Positive steps to address lack of certainty include widened use of sustainable urban mobility plans, to provide vision to investors, and provision of clarity around the status of EU taxonomy as it relates to waterborne transport beyond 2025.
High inflation, rising borrowing rates, skills shortages and supply chain disruption are all weighing on investor plans – the least the EU can do is provide them with certainty and clarity through a fair approach to legislative and regulatory development.
Second, the need to shore up and streamline EU funding streams.

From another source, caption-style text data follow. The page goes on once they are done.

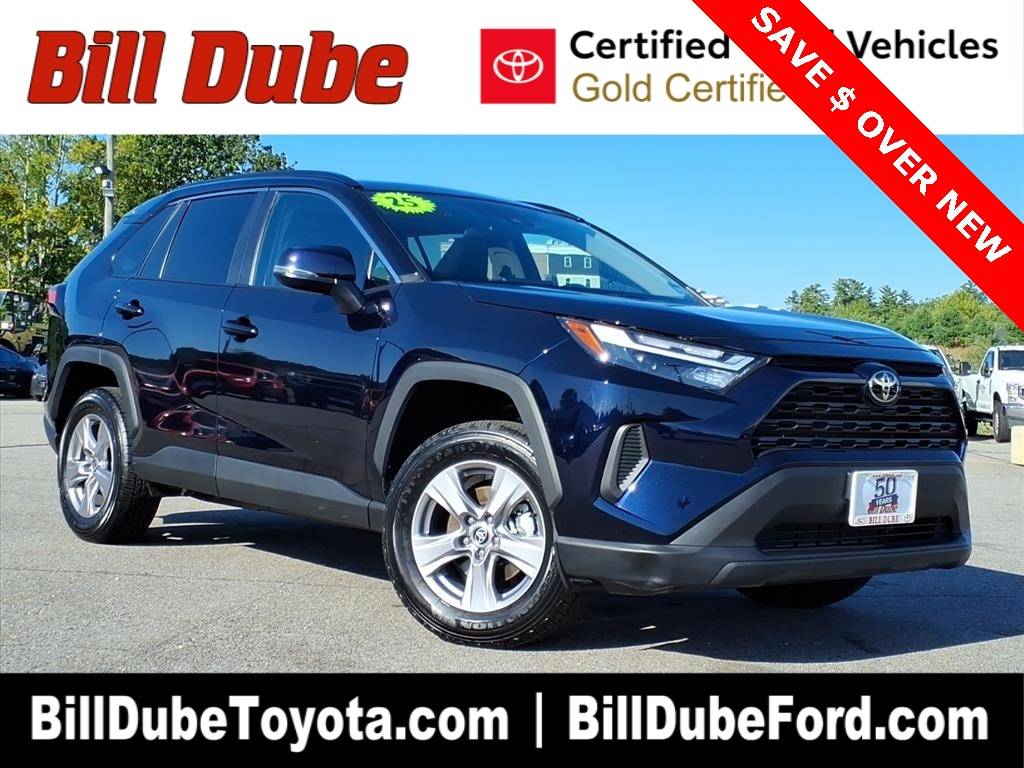 2025 Toyota RAV4 XLE — SUV — 5,701 mi — Dover, NH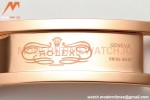 Rolex - DayDate 228235 Gain Weight 40mm Flt Pres RG/RG Brn/Rmn KF VR3255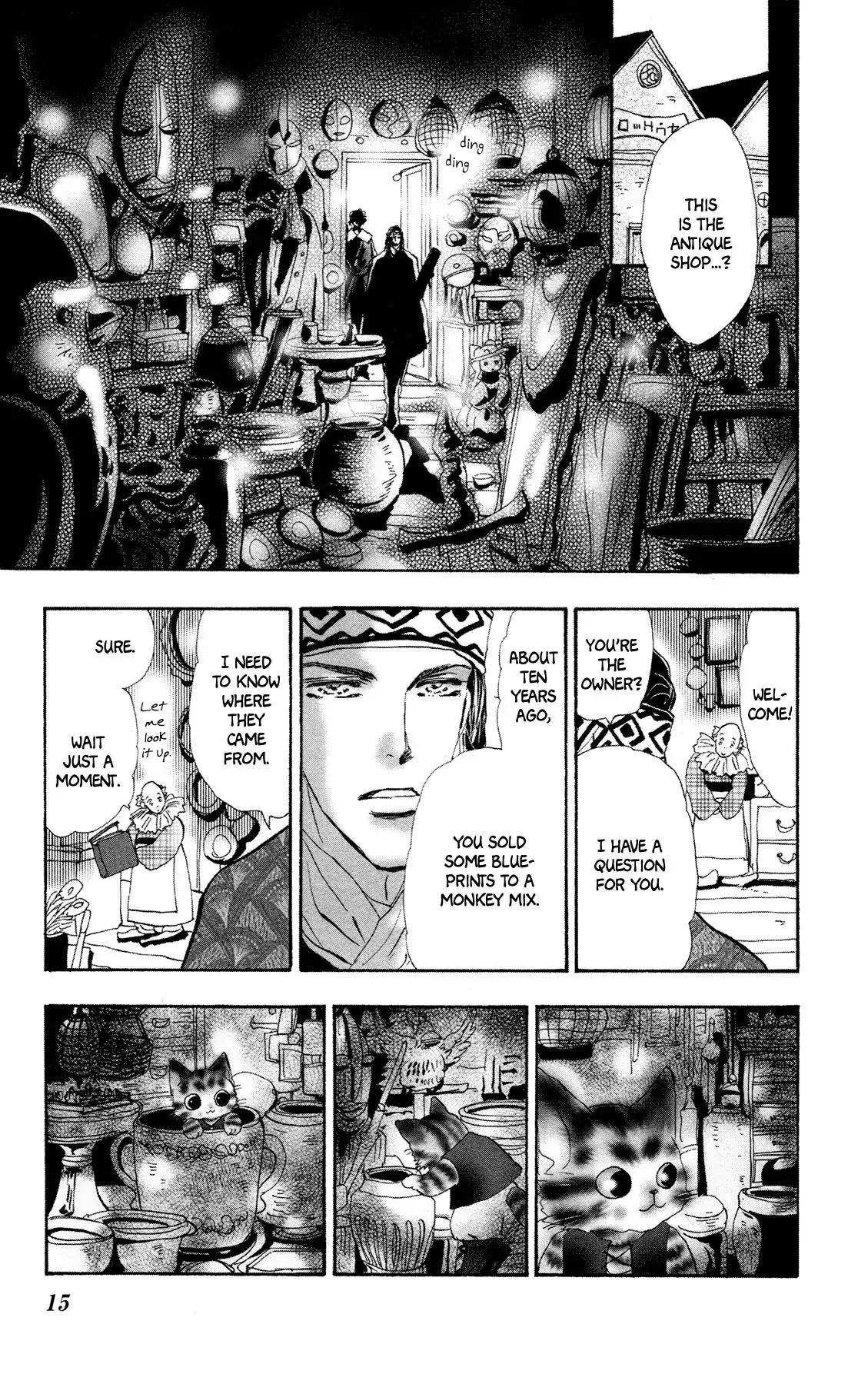 Neko Mix Genkitan Toraji Chapter 12 page 16 - Chapter 12: The Key, the Couple, and the Mouse Monk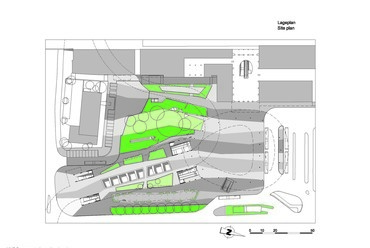 Graz Hauptbahnhof - tervek. Forrás: Zechner & Zechner 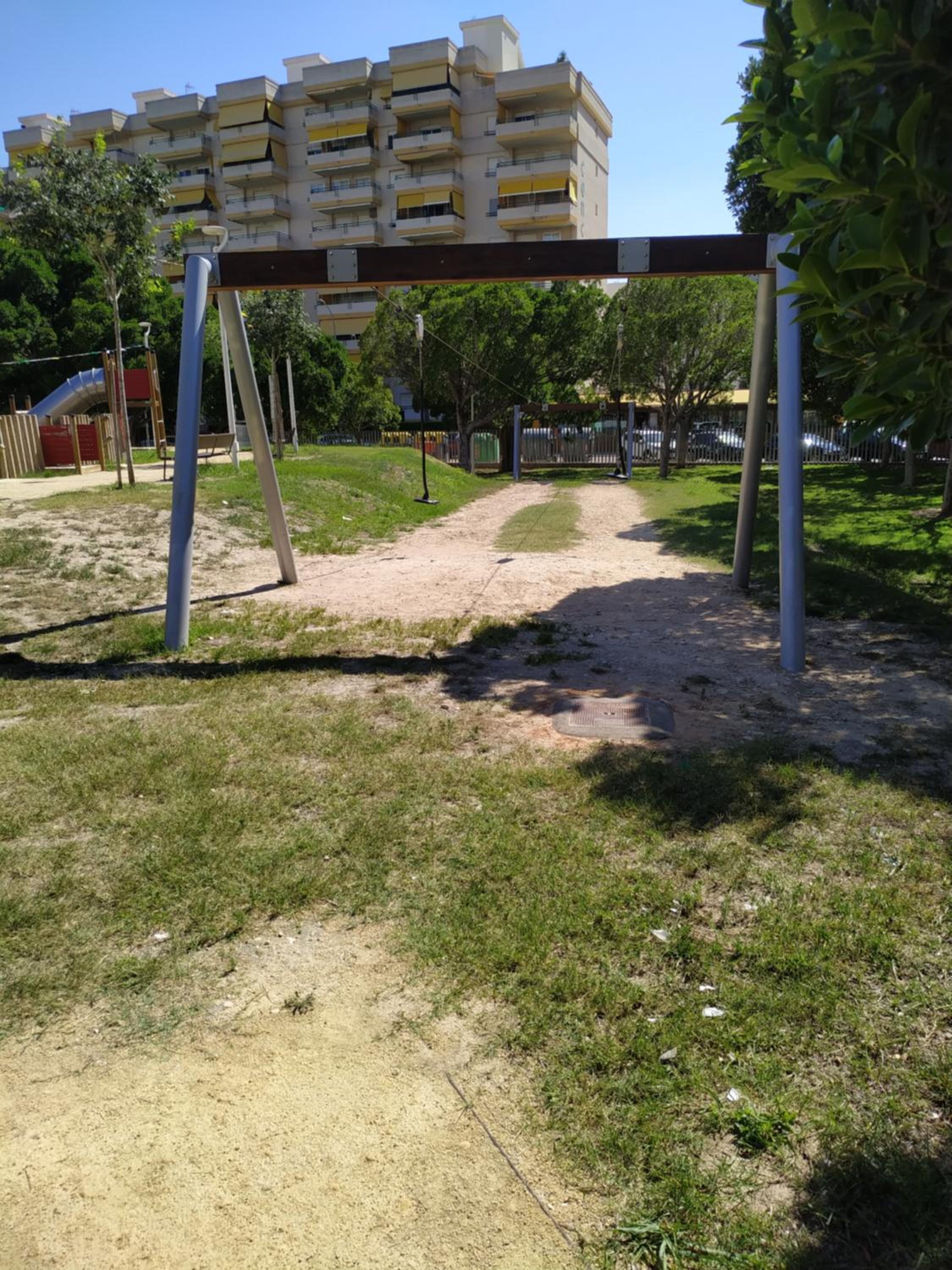 Apartamento en Playa de Gandia con piscina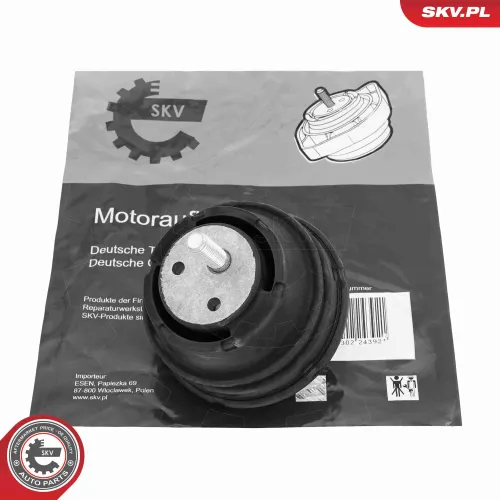 Lagerung, Motor beidseitig ESEN SKV 75SKV188 Bild Lagerung, Motor beidseitig ESEN SKV 75SKV188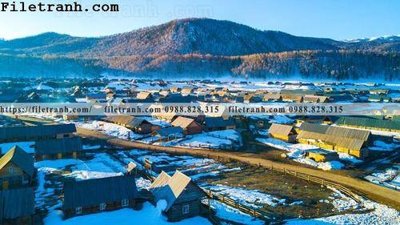 File gốc buc tranh phong canh nong thon 256 (dành cho quảng cáo)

The Connecting Europe (CEF), Structural and Investment (ESIF), Regional Development (ERDF), Cohesion (CF) and InvestEU funds are all important drivers of infrastructure resilience and net zero investments, serving as important channels for crowding-in additional private investment.
Given the bureaucratic hoops that investors have to jump through to benefit from these funds, however, it can be hard for them to know which way is up when seeking support for decarbonisation initiatives. Navigating the benefits of these funding streams can, as things stand, serve as a significant drain on time and resource.
The EU should move to issuing regular, clear guidance for different instruments and the rules and revenue models relating to them, taking forward such principles when designing the post-2027 multi-annual financial framework (MFF) and next generation of EU funds.
The extraordinary fund-raising model developed as part of the Recovery and Resilience Facility should also be maintained as a permanent mechanism for addressing exceptional circumstances, not least the net zero challenge.
Equally, lessons should be learnt from where a mix of public and private funding is making progress possible, especially in instances where market viability may not yet exist but will do in future.
The Important Projects of Common European Interest (IPCEI) Hy2Use initiative serves as an example of best practice in this regard, with €5bn of EU funding now crowding-in an additional €7bn in private support for hydrogen projects.
Likewise, the €1.6bn provided through the Alternative Fuels Infrastructure Facility (AFIF) for innovative projects which currently lack market viability, but have the potential to attract private funding in future, is a model that should be replicated more widely.
A Sustainable Aviation Fund, to increase research and development around alternative green fuels, could, for example, channel proceeds from ReFuel EU Aviation penalties and emissions allowance auctions to good use.
And third, a clamour for strong project pipelines.
The EU set out plans to accelerate permitting procedures as part of its RePowerEU initiative, but it should strive to be more ambitious in its delivery.
From an investor perspective, the money and appetite are there – dry powder held by global funds is estimated to have quadrupled to just shy of $300bn in the ten years to 2021 – what they need before they deploy it is clear cross-party, long-term maps for delivery.
As the global competition for inward investment hots up, there are a host of green lights investors are looking for in markets before they commit.
By considering these three principles at every stage of policy development, whilst remaining alert to measures being rolled out in other regions, EU officials can accelerate the move to green mobility right across the bloc.